I am Finnish EU national who lives in Turkey. I recently married a Turkish woman. I was accepted to study at Johns Hopkins SAIS in Bologna, Italy. We will move there this August.

I need to get my wife a visa and residency permit for Italy. From researching online, I understand that she has the right to a free and speedy entry visa because she is my spouse. However, she called the embassy twice and got different answers. They told her that she needs to apply for a tourist visa, provide proof of financial support. We also asked a travel agency and got a similar answer. 

I get the feeling that the people she talked to (who were Turkish), did not know what they were talking about completely. Can anyone offer some advice about what my wife and I should do?

Thank you!


----------



## BBCWatcher (Dec 28, 2012)

Yes, she'll need a visa assuming she's a Turkish passport holder. Italy has outsourced its visa processing in Turkey to iDATA. Go to this Web site for all details (including forms) and to make an appointment. (Click on a different language at the top right if desired, though it appears English isn't working quite right.) The visa type she'll need is "family reunion (national)."


----------



## Bevdeforges (Nov 16, 2007)

Maybe, but many of the EU countries only require a "tourist" visa (i.e. a 90 day Schengen visa) for the spouse of an EU national to "join" their spouse in residence in the country.
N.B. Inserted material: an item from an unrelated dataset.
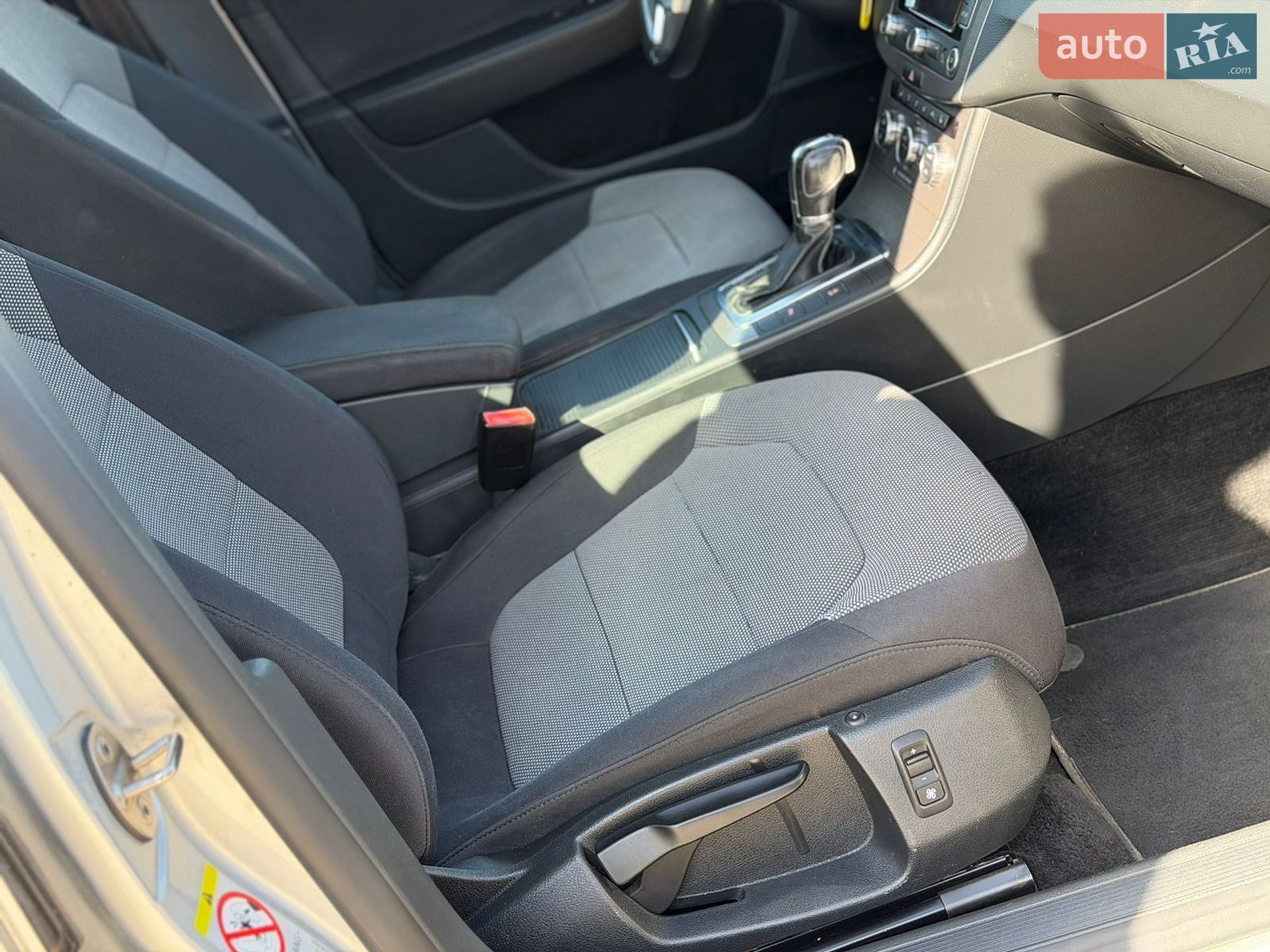 Volkswagen Passat 2012 VIN WVWZZZ3CZDE036680 фото оголошення 31 з 58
I admit to not knowing the details for Italy, but take a look at the europa.eu page here: Non-EU family members
Cheers,
Bev


----------



## BBCWatcher (Dec 28, 2012)

Bevdeforges said:


> Maybe, but many of the EU countries only require a "tourist" visa (i.e. a 90 day Schengen visa) for the spouse of an EU national to "join" their spouse in residence in the country.


There's not actually a visa requirement at all for residence with an EU spouse -- at least not any more than there's a requirement to be born in order to take piano lessons, for example. There is a requirement for a Turkish passport holder to have a visa to travel to Italy _for any purpose whatsoever_.

Given that, I see no point in not telling the truth. The purpose of travel is family (re)unification, so tell the visa agency that.


----------